In Arizona's Santa Cruz County, where in May a sniper shot two Border Patrol agents in the legs, Sheriff Tony Estrada said he was alarmed by the documented threat.

"That message seems to be the strongest type of indicator that they are seriously planning to use force," he said.

Estrada added that it shows how frustrated the smugglers have become, but said the plot is a "bad idea" that wouldn't work.

"It would be real dumb move," he said. "If that should happen, and if any of our agents are threatened or injured or killed, it's going to create a lot of unity and cooperation."

Gonzalez added that his deputies have seen increasing violence from drug cartels and what he believes are Mexican soldiers working for them.

A member of the 16-county Texas Sheriff's Border Coalition, Gonzalez said he would immediately inform other sheriffs.

As a precaution, he would change how his deputies operate, he said.

Some of his deputies have been patrolling the border alone.

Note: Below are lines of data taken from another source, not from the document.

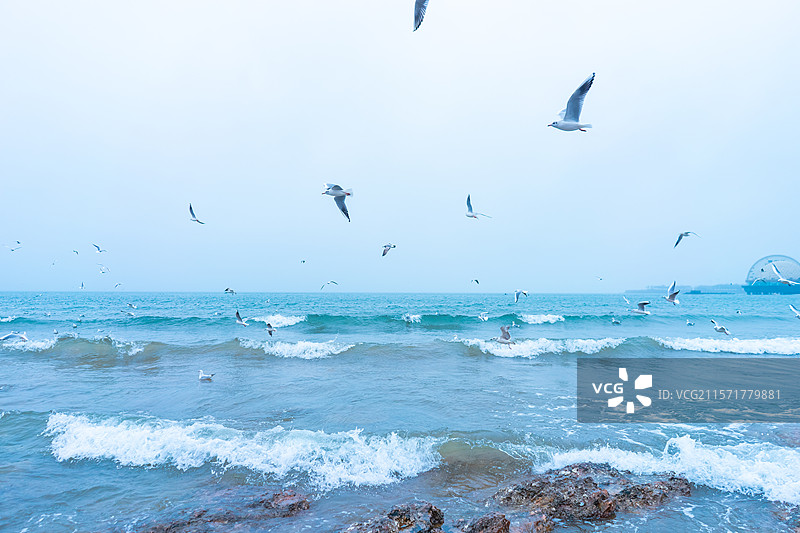 中国青岛旅游城市拍摄主题，蓝天白云飞翔的海鸥和海洋海岸上的礁石沙滩，户外白昼无人图像摄影图片素材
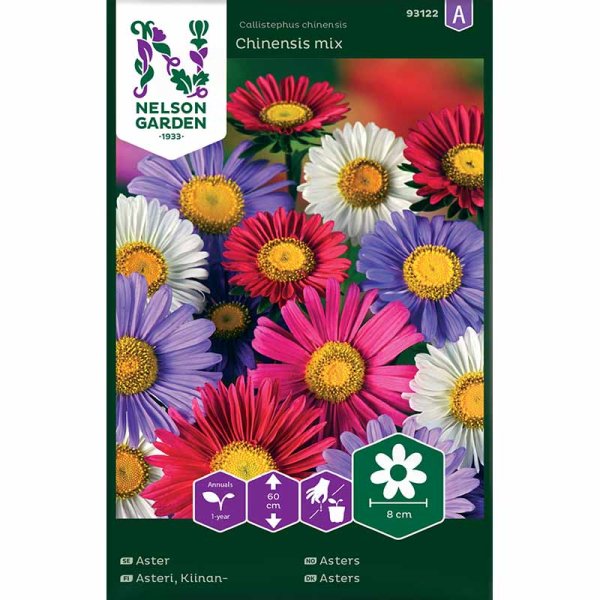 Zoom billede af Sommerasters 'Chinensis mix'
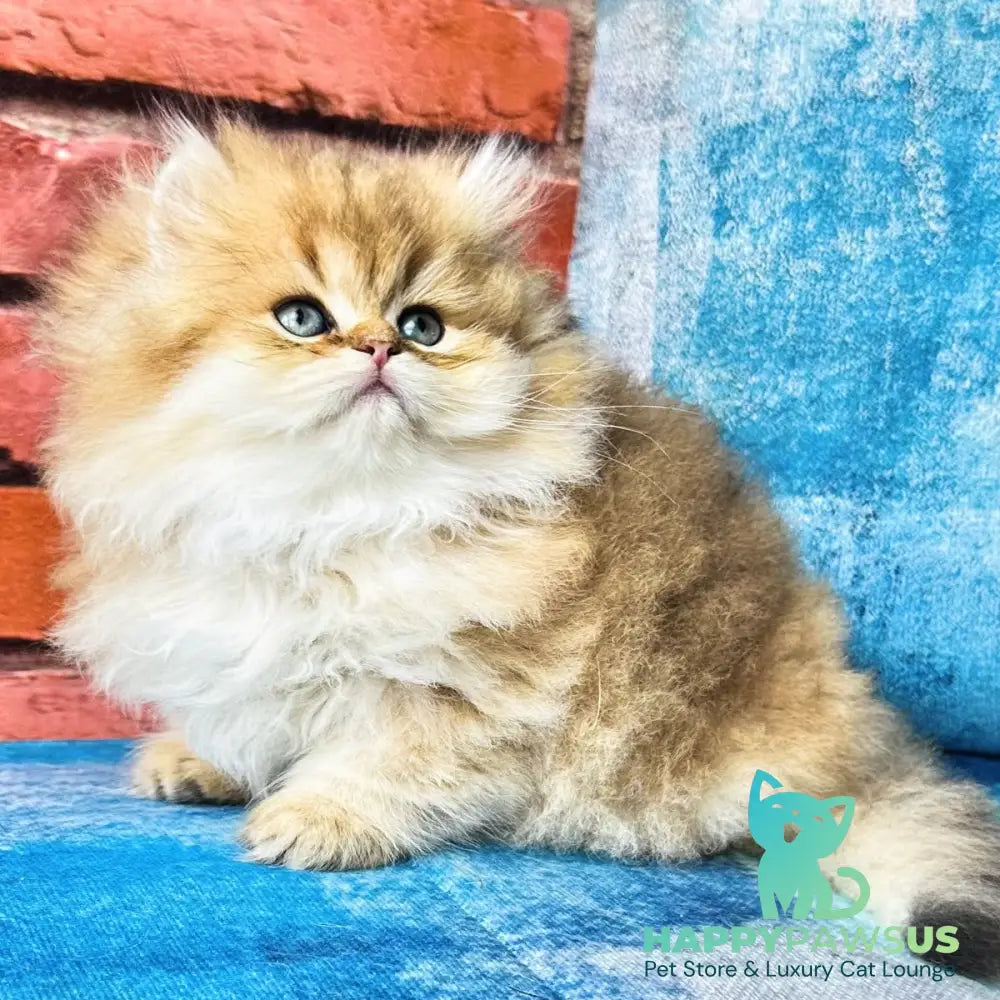 Karyna British Longhair female black golden shaded - live animals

"We're going to be better prepared, and the officers will too," he said.

"Unfortunately (the cartels) are not going to wait."

According to a secretary in the office of Texas Department of Public Safety spokesman Tom Vinger, Vinger said he had no information about the potential threat.

Andrea Simmons of the FBI's office in El Paso, Texas, said she is familiar with such threats, but said her office is not investigating any such attacks.

"We haven't had any specific threats regarding that or any information for us to be able to follow up on," she said.

AGENTS UNDER FIRE

The alert documents several armed, brazen attacks on Border Patrol agents between May and January.

Violence at the border has risen dramatically during the past couple of years, according to law enforcement officers all along the border.

Estrada said crime there is "more competitive, more profitable and more violent," and that increased scrutiny at the border and intensified law enforcement efforts have frustrated criminal elements in Mexico.

A smuggler named Pablo "El Patron" Mercado said he will no longer tolerate the loss of contraband and has ordered smugglers to carry firearms, according to a Jan. 13 alert referenced in the document.

Sgt. Benjamin Reyna of the Bisbee Police Department in Arizona said he's seen much more violence in the past several years.

"It's on the increase," he said. "They have a lot less fear of law enforcement now."

Reyna said cartel enforcers, smugglers and people suspected of being current and former Mexican military are taking shots at law enforcement officers.

CENTRAL AMERICAN INTERESTS

The primary subject of the alert concerns a confrontation between a U.S.

Department of Agriculture inspector and 20 men armed with assault rifles in the area where a creek feeds into the Rio Grande in Zapata County on Jan. 9.

The inspector, who was on horseback, said a boat dropped the group off inside U.S. territory.

Some of the subjects appeared to be carrying automatic assault rifles, and threatened to shoot the inspector's dogs, the alert stated.

The inspector had his gun and badge hidden under his jacket so the men could not see that he was a law enforcement agent. He told the armed men he was a rancher.

"(He) stated that he believed this might have saved his life," the alert stated.

The inspector, who is fluent in Spanish and has lived near the border all his life, believed the men were not Mexican nationals, based on their accents.

The incident report concluded that the men probably were from Central America and members of either MS-13 or ex-Guatemalan Kaibiles, a military special forces unit specializing in jungle warfare and counterinsurgency.